Authored by bixia on Jun 6 2022, 11:30 AM.

Details

Summary

Support complex numbers for Matrix Market Exchange Formats. Add a test case.

Diff Detail

Event Timeline

bixia created this revision.Jun 6 2022, 11:30 AM
Herald added a project: Restricted Project. · View Herald Transcript
bixia requested review of this revision.Jun 6 2022, 11:30 AM
aartbik added inline comments.Jun 6 2022, 4:43 PM
mlir/lib/ExecutionEngine/SparseTensorUtils.cpp
1264–1265
NOTE: this now should distinguish between real, complex, and probably even integer!
1360–1370

note that for the MM in particular, we should also verify that the data is marked real/complex/integer going forward, and verify that this is compatible with the actual data type <V> (assert, or otherwise fail when imcompatible)

1372

I would add a comment on reading two doubles to make a complex here first, just so that it stays similar to L1317-1319. Otherwise, directly addressing the pattern issue reads a bit too terse.

1386–1387

This is of course the right way forward, but did you measure perf impact of introducing more calls along the path that is executed for each nonzero? Perhaps try reading in one of the larger tensors before/after this change. Would marking methods as inline help here?

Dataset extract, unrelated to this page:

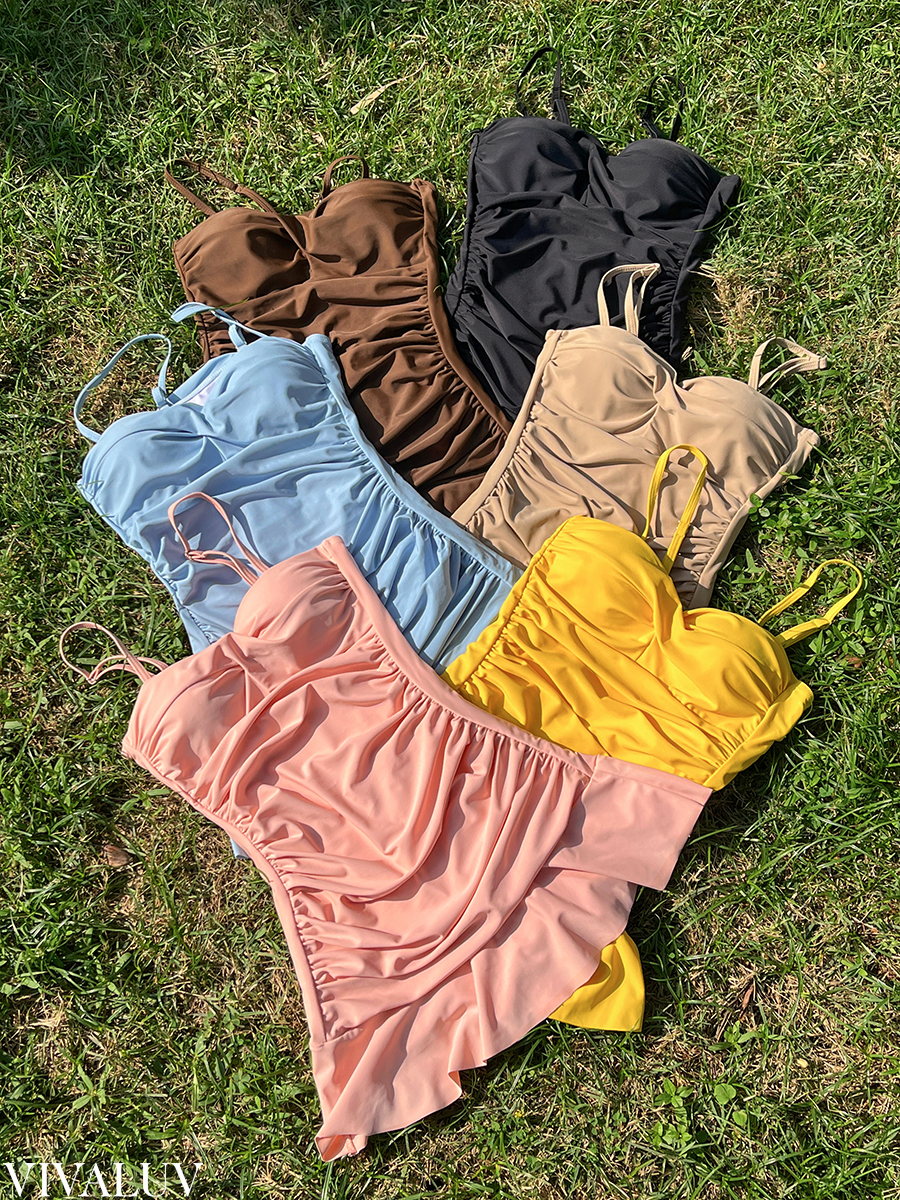 送関込【CUPSHE】ココアツイスト ブラウン ワンピース水着 カップ付ストレッチギャザーツイストワンピース水着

mlir/test/Integration/data/test_symmetric_complex.mtx
2

This must be "complex", not "real' following proper MM format

bixia updated this revision to Diff 434945.Jun 7 2022, 2:04 PM

Add data type check to MME header parsing.
Make the functions to read a COO value inline functions.

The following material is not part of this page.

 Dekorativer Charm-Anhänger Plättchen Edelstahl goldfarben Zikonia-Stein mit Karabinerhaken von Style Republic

bixia marked 2 inline comments as done.Jun 7 2022, 2:05 PM
bixia added inline comments.
mlir/lib/ExecutionEngine/SparseTensorUtils.cpp
1360–1370

Make the functions inline functions.

bixia updated this revision to Diff 434946.Jun 7 2022, 2:10 PM

Fix a typo.

aartbik added inline comments.Jun 7 2022, 2:56 PM
mlir/lib/ExecutionEngine/SparseTensorUtils.cpp
1237

This is of course a reasonable way to do it. But one may a bit surprised by having the fatal assert while reading the header.

I feel that simply reading and storing the field in the SparseTensorFile class as an enum (with pattern, integer, real, complex, undef {to deal with FROSTT}) and then having getters will let the client decide what to do once the header is properly parsed seemed a bit more along the direction the refactoring in a class was taking.

I don't feel super strongly about it, so this is more a WDYT? comment

aartbik added inline comments.Jun 7 2022, 3:00 PM
mlir/lib/ExecutionEngine/SparseTensorUtils.cpp
1263

this is a very narrow subset of possibilities (i.e. must match exactly).

I can see cases where we allow ints to be assigned to real and vv (as we did before),
or real/integer to complex with imaginary part zero.

All such cases seem a lot easier to decide in the "client" (even if that is just us right now ;-)
with the enum approach

bixia updated this revision to Diff 434994.Jun 7 2022, 4:47 PM

Use enum to store the value type to SparseTensorFile and check type compatible in openSparseTensorCOO.

bixia marked an inline comment as done.Jun 7 2022, 4:49 PM
bixia added inline comments.
mlir/lib/ExecutionEngine/SparseTensorUtils.cpp
1237

Add enum ValueKind to store the value type information and use the information in the reader.

1360–1370

Move this check to the reader.

aartbik accepted this revision.Jun 7 2022, 5:01 PM

I love it! Thanks for making the change. Two last nits, but good to go after that.

mlir/lib/ExecutionEngine/SparseTensorUtils.cpp
1299–1349

Maybe add a comment, e.g.

// The FROSTT format does not define the data type of the nonzero elements.
valueKind_ = ValueKind::kUndefined;

1367

This does not seem to be exhaustive, i.e. complex vs isint seems an error too

given that we have accepted real and int before, I would be perfectly okay that the only case we reject right now is complex file vs. non-complex data (which we can later refine into zero-imaginary part)

This revision is now accepted and ready to land.Jun 7 2022, 5:01 PM
bixia updated this revision to Diff 435242.Jun 8 2022, 10:26 AM
bixia marked an inline comment as done.

Add a comment.

mlir/lib/ExecutionEngine/SparseTensorUtils.cpp
1367

complex data vs integer tensor is an error. Maybe you misread tensorIsReal? It also includes integer.

bixia updated this revision to Diff 435288.Jun 8 2022, 12:14 PM

There is one place where isValid() should be used, not isValid.

This revision was automatically updated to reflect the committed changes.